The inherent uncertainty associated with machine learning techniques coupled with the open context environment lead to different causes of hazards compared to traditional, algorithmic and control law approaches to vehicle control. In order to argue the claim that functional insufficiencies within the machine learning function (here: camera based object detection, supervised training) are minimised, it is important to understand the causes of the insufficiencies. The assurance case strategy S1 described here can thus be described as follows:

  • S1: Argument over causes of functional insufficiencies in machine learning.

As interest in machine learning safety has grown, a number of authors [1, 27, 31] have investigated different causes of insufficiencies in machine learning functions. A number of causes that are applicable to the HAD use case described here are summarised below and are positively formulated as sub-goals G2-G6 within the assurance case, which is summarised in Fig. 2:

  • G2: The environmental context is well defined and reflected in training data. One of the key differences in machine learning techniques compared to algorithmic approaches is the lack of a detailed specification of the target function. Instead, the functional specification can be seen to be encoded within the set of training data. Therefore, if the training data does not reflect the target operating context, then there is a strong likelihood that the learned function will exhibit insufficiencies. Critical or ambiguous situations, within which the system must react in a predictably safe manner, may occur rarely or may be so dangerous that they are not adequately represented in the training data. This leads to the effect that critical situations remain undertrained in the final function. Additional potential for insufficiencies comes from overfitting that results from lack of diversity in the training data, eroding the generalisation properties of the CNN.

  • G3: The function is robust against distributional shift in the environment. The system should continue to perform accurately even if the operational environment differs from the training environment [1]. This effectively can be formulated as the robustness of the system to react in a shift of distribution between its training and operational environment. Distributional shift will be inevitable in most open context systems, as the environment constantly changes and can adapt to the behaviour of actors within the system. For example, car drivers will adjust their behaviour within an environment in which autonomous vehicles are present, vehicle and pedestrian appearances change over time, etc.

  • G4: The function exhibits a uniform behaviour over critical classes of situations. An often cited problem associated with neural networks, is the possibility of adversarial examples [8, 12, 21]. An adversarial example is an input sample that is similar (at least to the human eye) to other samples but that leads to a completely different categorisation with a high confidence value. It has been shown that such examples can be automatically generated and used to “trick” the network.
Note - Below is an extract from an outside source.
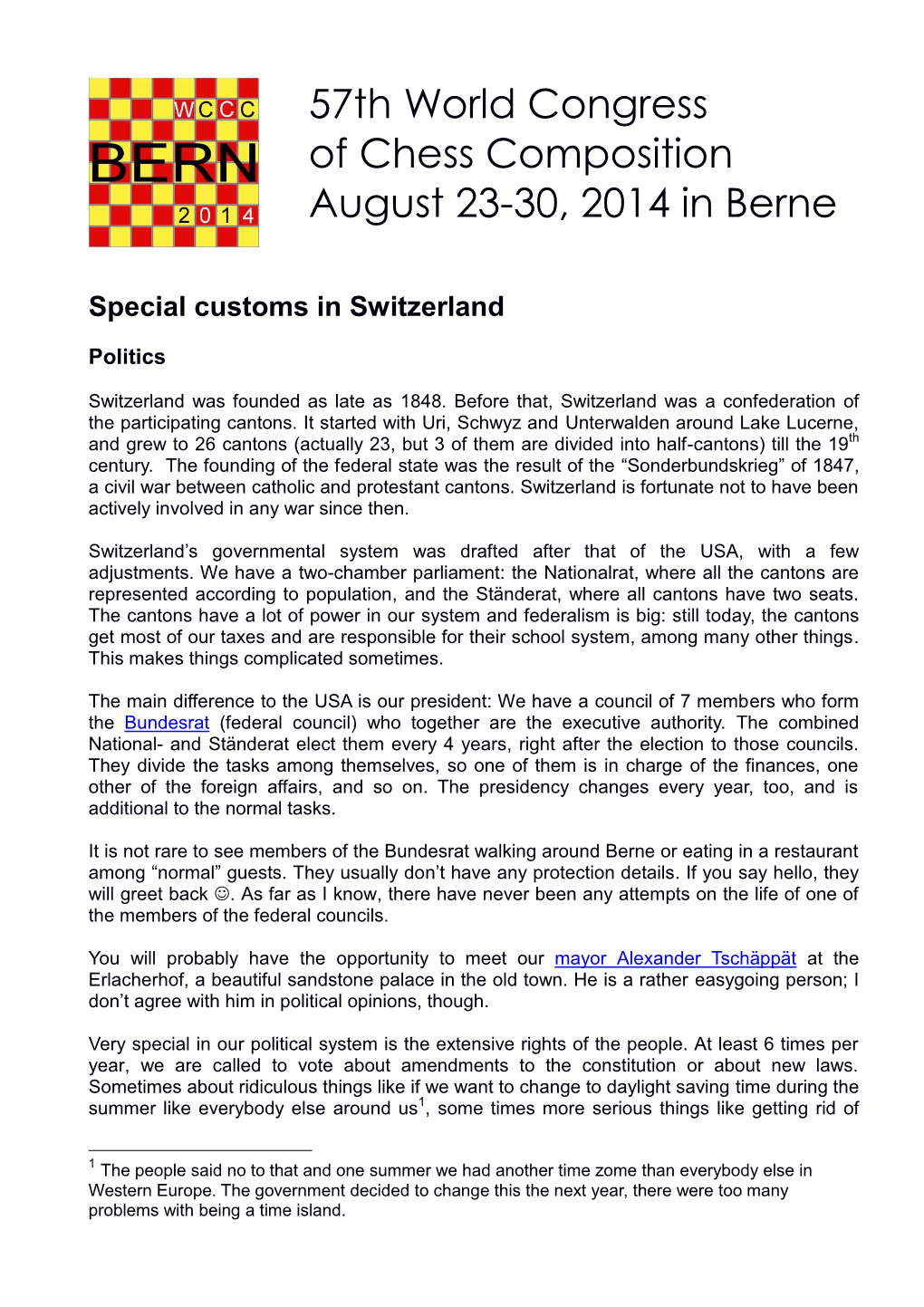 57Th World Congress of Chess Composition August 23-30, 2014 in Berne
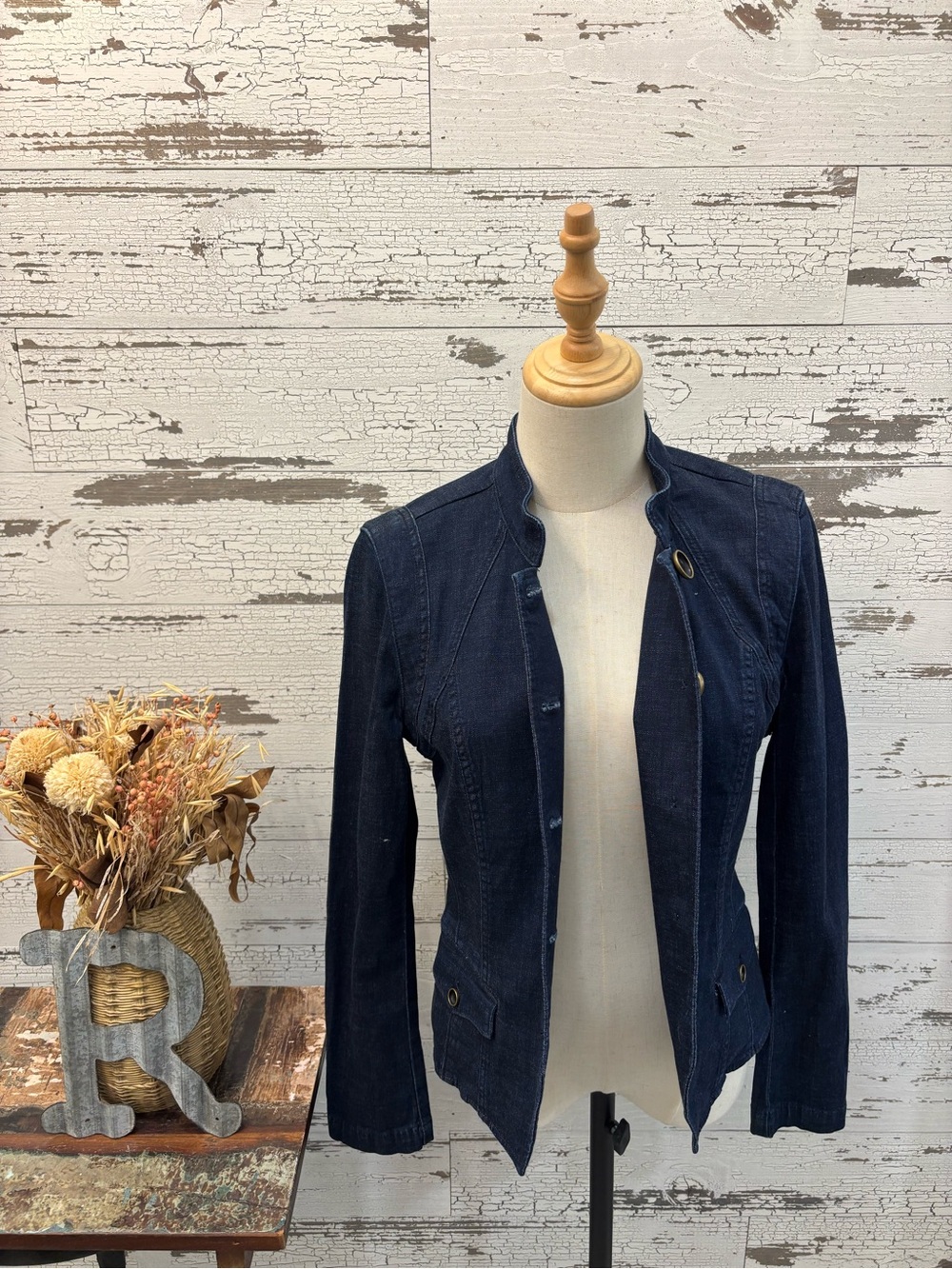 White House Black Market Dark Indigo Fitted Denim Jacket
Although it is still unclear to what extent adversarial examples could occur naturally or whether they would be exploited for malicious purposes, from a safety validation perspective, they are useful for demonstrating that features can be learnt by the network and assigned an incorrect relevance [12]. Therefore an argument should be found to minimise the probability of such behaviour especially in critical driving situations.

  • G5: The function is robust against differences between its training and execution platforms. Machine learning functions can be sensitive to subtle changes in the input data. When using machine learning to represent a function that is embedded as part of a wider system as described here (see Fig. 1), the input to the neural network will have typically been processed by a number of elements already, such as image filters and buffering mechanisms. These elements may vary between the training and operation environments leading to the trained function becoming dependent on hidden features of the training environment. It is therefore necessary to understand the differences between training and operational environment, including any potential weaknesses or faults in the training environment (e.g. software defects in open source training libraries) and data leakage resulting from hidden, unnoticed correlations in the environmental context of the provided training samples [17].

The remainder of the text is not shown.